Published online by Cambridge University Press: 14 July 2023
Diana Dors joined the ranks of the ‘has-beens’ in the 1960s, notably when cast in a supporting role in Joan Crawford's British thriller Berserk! (O’Connelly 1967). Working with one of Hollywood's great comeback queens, she discovered how post-peak stardom imposed a challenging set of demands upon actresses but also gave them some unique opportunities within the margins of mainstream cinema. American producer Herman Cohen and British producer-turned-director Jim O’Connelly allowed Dors to retain her sex symbol image in Berserk!. Yet there’s more than a hint of mockery about the way she's presented here as a rumour-mongering magician's assistant who refuses to shut her big mouth even at the bitter end.
Dors was at the lowest point of her career when she made this film in 1966. Just ten years after the peak of her stardom and a year after leaving Los Angeles to take her chances as an ageing sex symbol in Britain, the thirty-five-year-old was reduced to singing, joking and telling stories against herself in working men's clubs in some of the roughest parts of England.
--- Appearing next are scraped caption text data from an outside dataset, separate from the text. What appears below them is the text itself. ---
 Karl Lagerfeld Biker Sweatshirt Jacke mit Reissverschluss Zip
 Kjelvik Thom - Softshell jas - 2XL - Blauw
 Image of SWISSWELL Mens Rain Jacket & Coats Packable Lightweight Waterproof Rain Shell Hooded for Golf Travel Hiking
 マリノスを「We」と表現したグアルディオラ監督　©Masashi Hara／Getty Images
Here, she was confronted by ‘audiences of men heckling me over pints of beer’, as she later recalled in Dors by Diana (1981: 248). She also described in her autobiography how financial necessity had forced her to prostitute her talent by ‘peddling a screen name that had once been big; enduring shouts of “Get ‘em off “ or “Show us your tits”’ (249). Once envied by women and adored by men around the world, Dors was now little more than a target for misogynistic verbal abuse, for which she was mostly paid cash-in-hand.
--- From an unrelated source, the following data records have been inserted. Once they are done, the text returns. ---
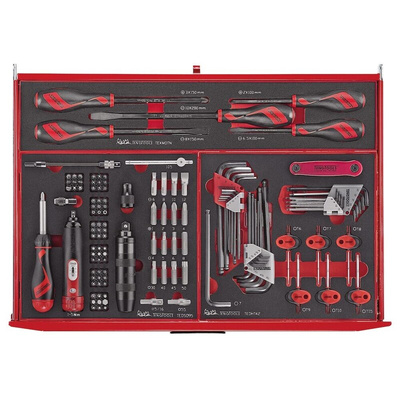Teng Tools 1117 Piece Automotive Tool Kit Tool Kit with Foam Inlay, VDE Approved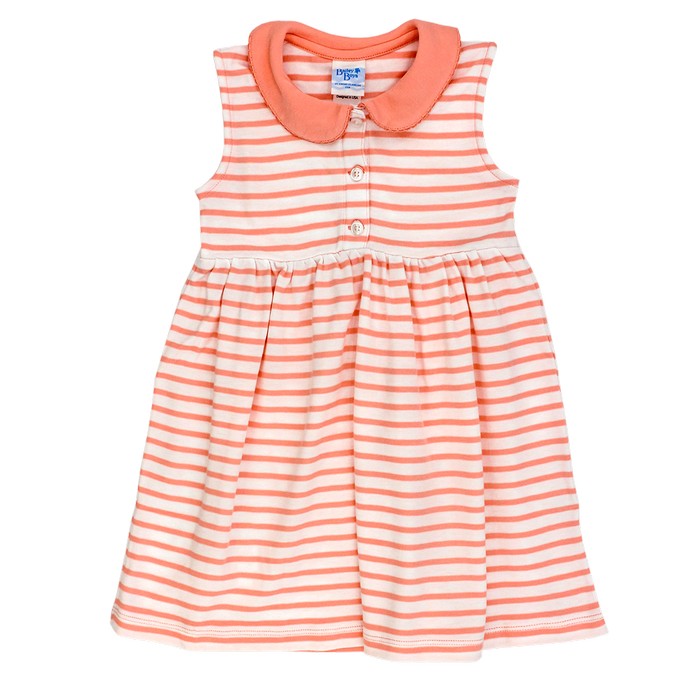 Bailey Boys Coral/White Stripe Sundress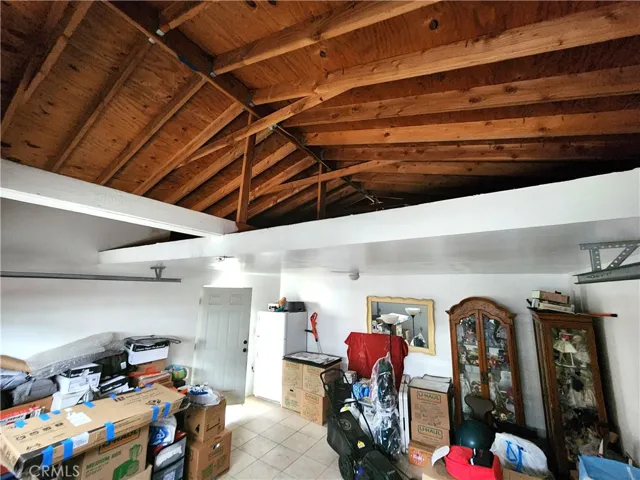 Large garage offers ADU option.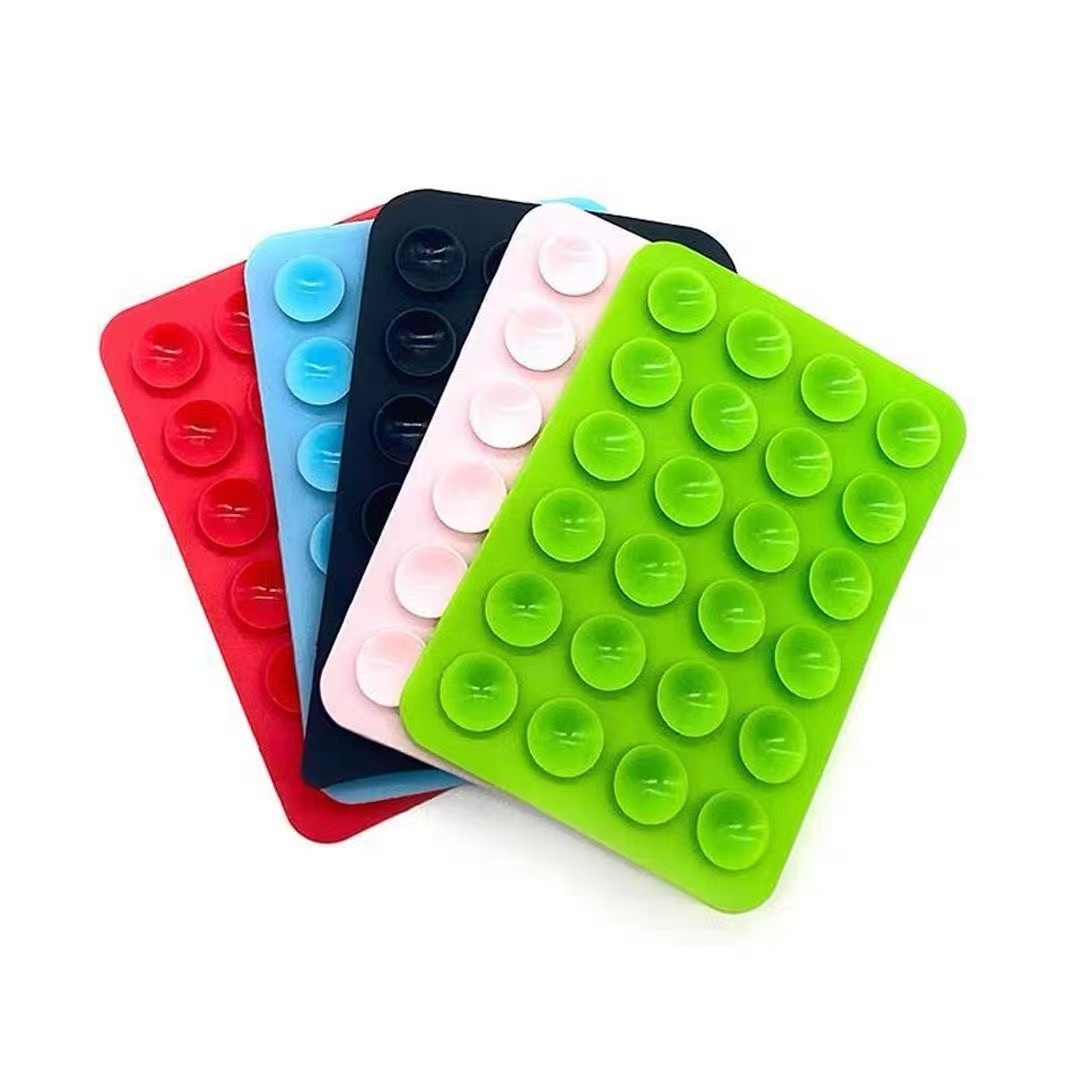 Phone Cases - Siliconen zuignap telefoonhouder vierkant antislip achterkant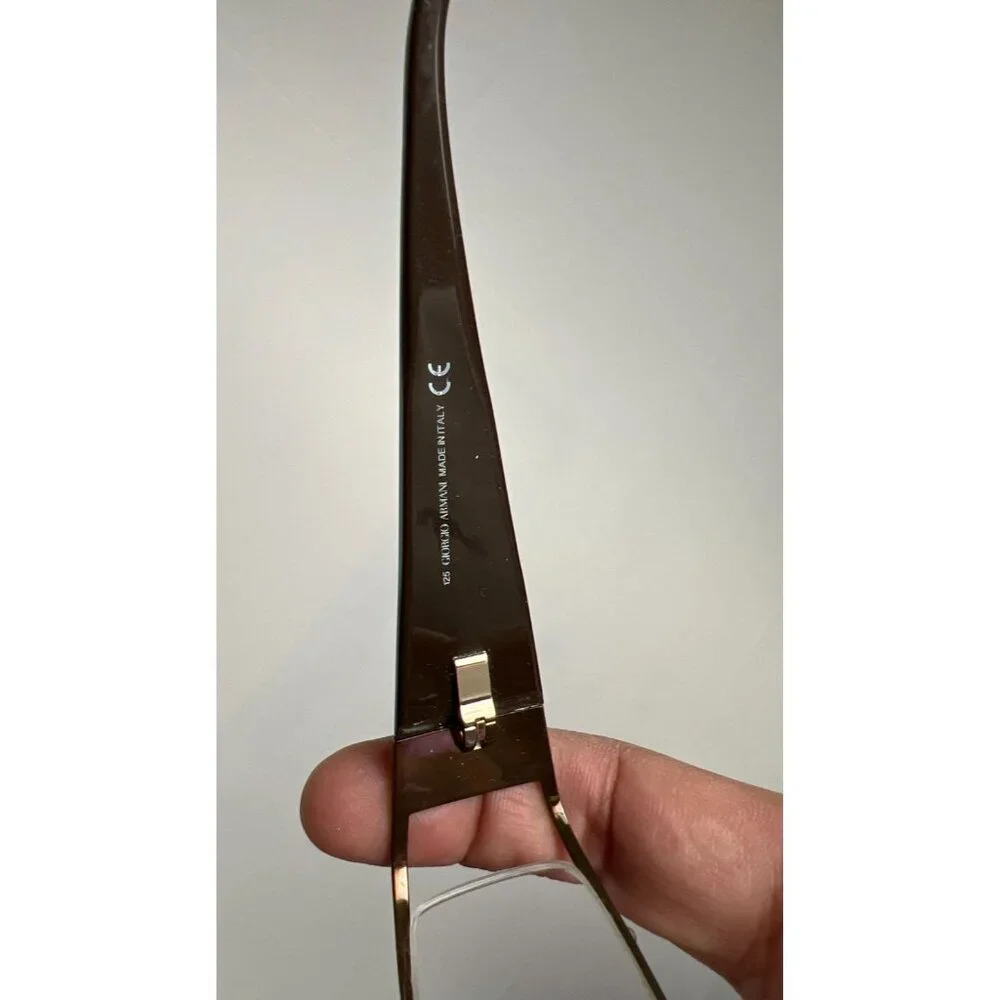 Giorgio Armani GA 543 NJG 125 Bronze Metal Brown Rectangle Eyeglass Frames - Picture 4 of 7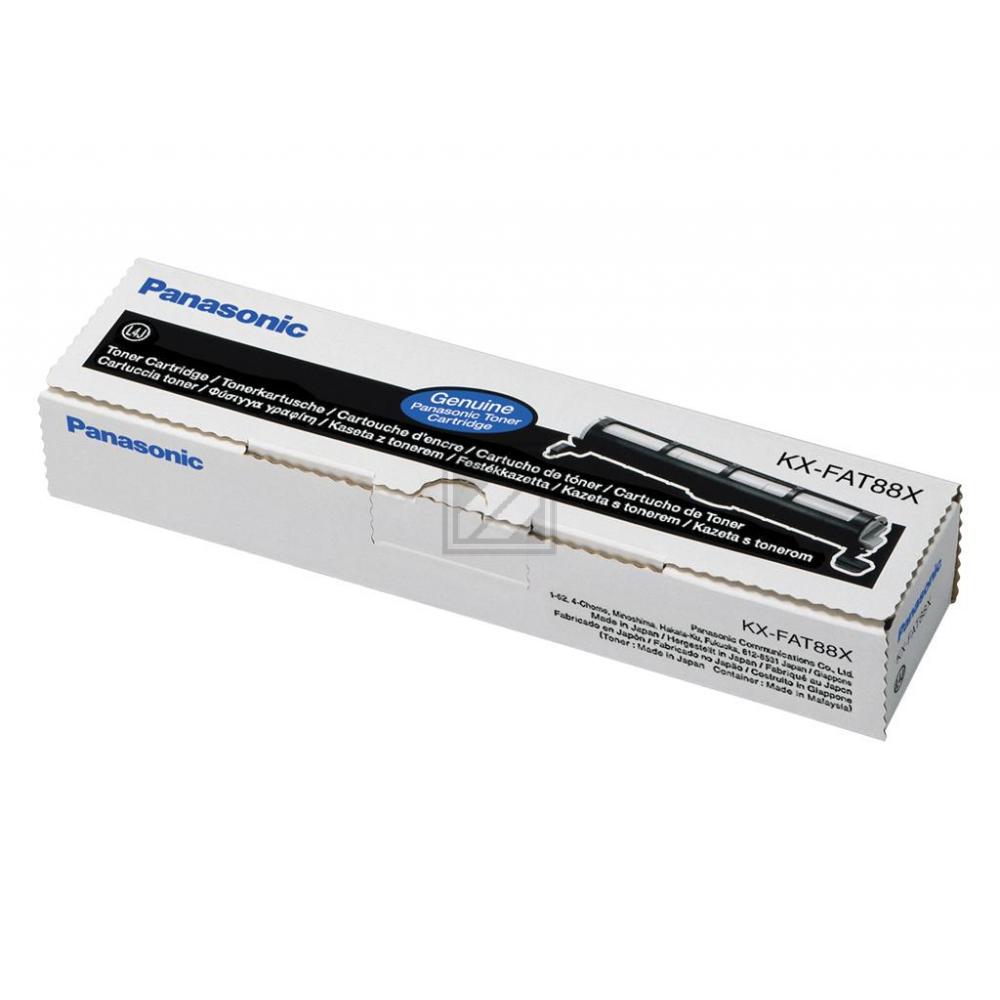 Original Panasonic KX-FAT88X Toner Schwarz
Dors risked further humiliation when signing on to do Cohen’s Berserk! even though the producer had a good track record of creating lucrative movies on a shoestring, including I Was a Teenage Werewolf (Fowler Jr 1957) and A Study in Terror (Hill 1965). The fact that Cohen had hired some talented actors to support Joan Crawford and secured a distribution deal with Columbia Pictures suggested that this exploitation thriller might become a hit and, as such, help Dors regain her footing in the film industry. Sadly, although the film's publicity claimed that Berserk! would challenge an audience's ability to withstand a series of horrifying events, it was neither truly terrifying nor terrifically trashy, making it a fairly disappointing experience for most devotees of cult cinema.